After driving to Giant, buying the soup, driving back to campus, parking in the South parking lot, giving her the soup, and running to class for an hour, I came back to move my car, only to find a $25 parking ticket under the windshield wiper.
The Jefferson Hall parking lot, found directly behind Jefferson, is now a faculty-staff only parking area.
I knew this, so, arguably, I was at fault for the violation and for taking the chance of parking there.
The parking restriction is new this year. Anyone parked in the lot without the proper permit will be ticketed $25 per violation. Based on this drastic change, one would think that faculty and staff members desperately need the lot.
But here’s the thing: the lot remains mostly empty throughout the week.
It is incredibly frustrating to walk past this lot on the way to class and see that there are plenty of open, empty spaces available for use. Only four or five cars with blue faculty/staff parking decals can be found there on a regular basis.
Last year, the lot was consistently packed with student vehicles. It provided a great opportunity for residents of South, Framar, and Bushnell Halls, as well as RAs from Jefferson Hall, to keep their cars close at hand, in case they needed to make a quick trip to the store or venture into downtown Fredericksburg.
This year, upperclassmen in those residence halls will have to inconvenience other students by parking in the remaining residential student lots, including the Marshall lot, Randolph lot, parking deck and adjacent Sunken Road lot.

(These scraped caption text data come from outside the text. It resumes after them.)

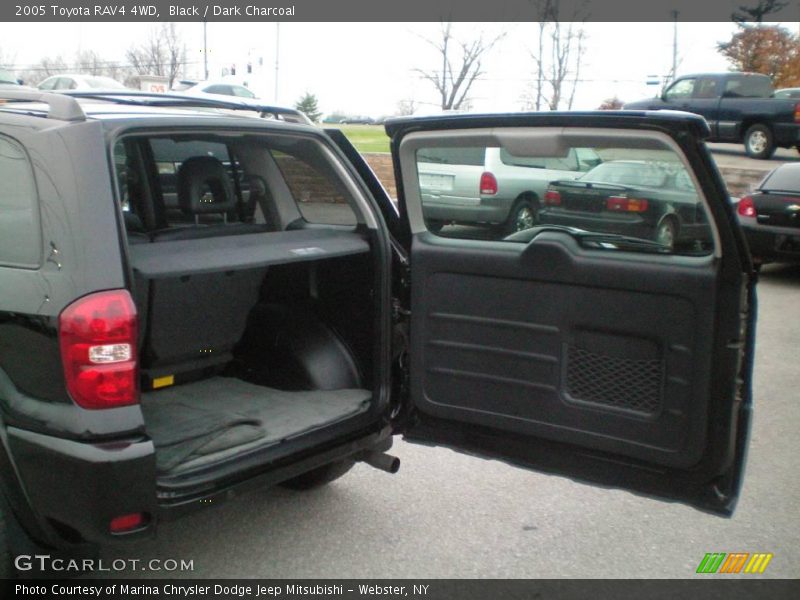 Black / Dark Charcoal 2005 Toyota RAV4 4WD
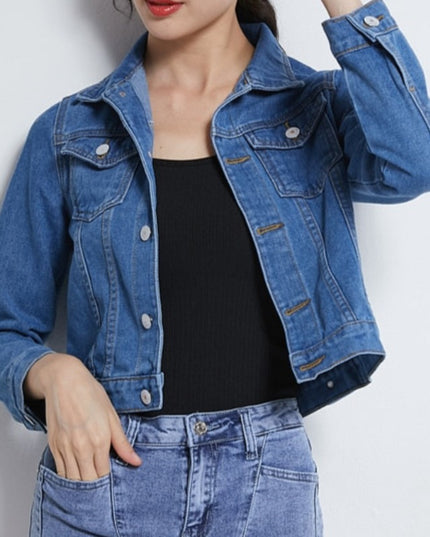 Damska kurtka jeansowa klasyczna o prostym kroju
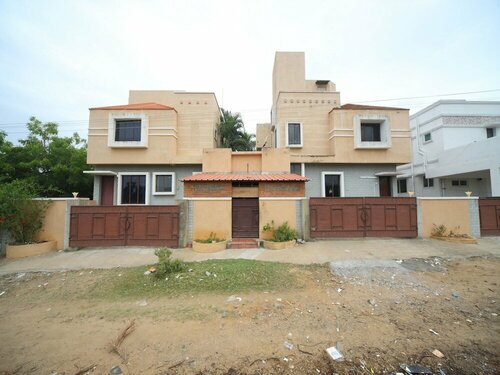 Oyo 15517 Kms House
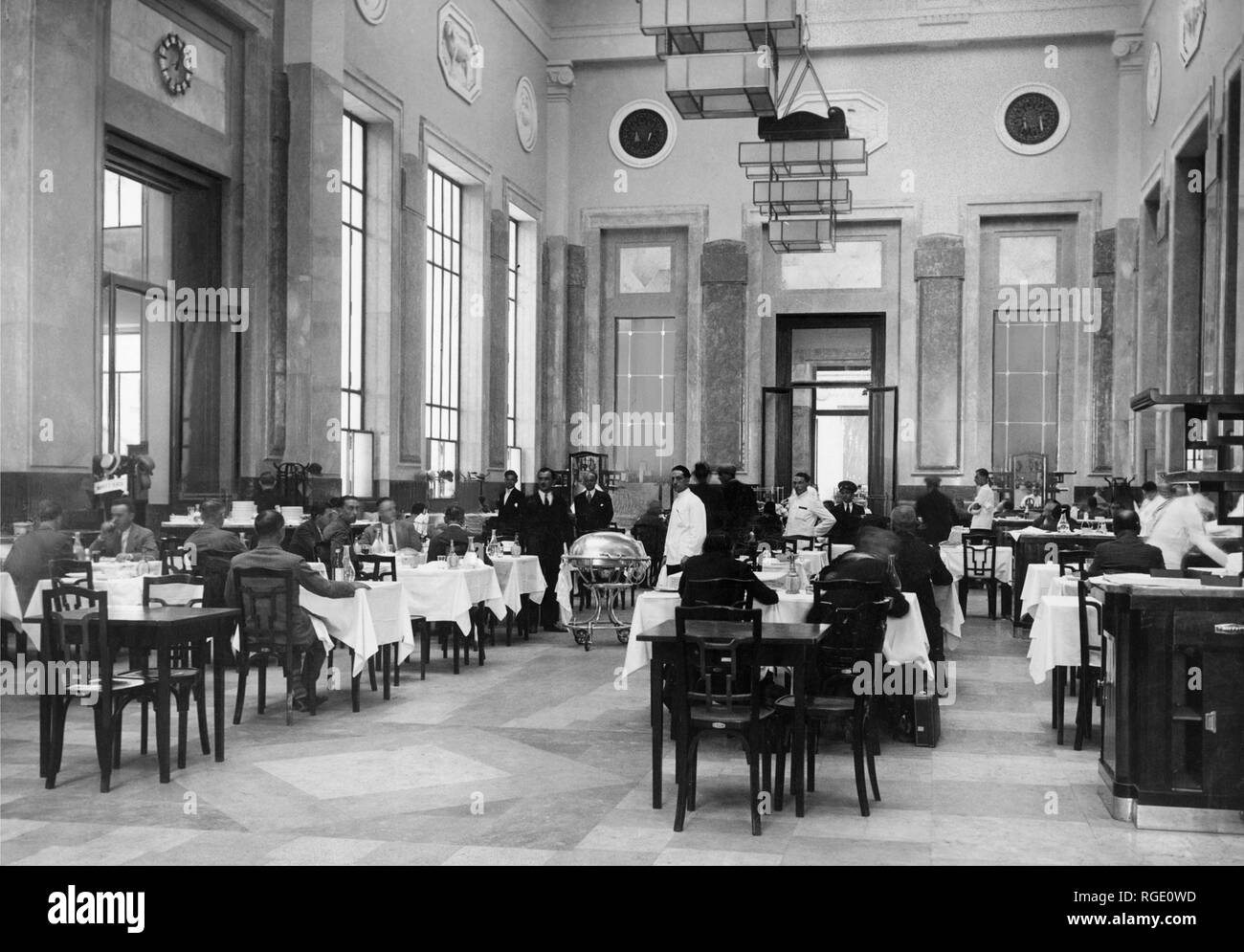 L'Italie, Lombardie, Milan, de la gare, restaurant, 1931 Banque D'Images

These parking areas have historically been designated for students living closer to them.
The new parking lot restriction could be the start trend of dwindling student parking areas on campus, which is exasperating for those of us that pay $200 for the privilege of parking on campus.
Combined with the lack of parking available for faculty, staff, and campus visitors for big events on the Bell Tower side of campus, the lack of general parking could create a problem for the ever-growing student population at Mary Washington.
In all fairness, the recently built parking deck has helped to relieve students of the parking squeeze.
According to the UMW Web site, there were only 1,700 parking spaces for over 3,000 students, including over 1,000 commuting before the deck went up.
However, the location of the parking deck has not alleviated the issue, because it sits in an area of campus not easily accessed by students residing in dorms other than Alvey or Arrington, or by faculty teaching in academic buildings other than Jepson.
So should the student body just deal with it? Should the precious little parking given to residential students be slowly eaten away to make room for people who don’t sleep here at night?
That is, of course, up to those of us with cars.
But I would caution all students with cars to consider their busy schedules and the time it takes them to go on a cross-campus trek, just to drive the vehicle they paid good money to bring with them. If something unexpected comes up, do we have the time and money to deal with parking issues?
I can’t think of many people who would say yes.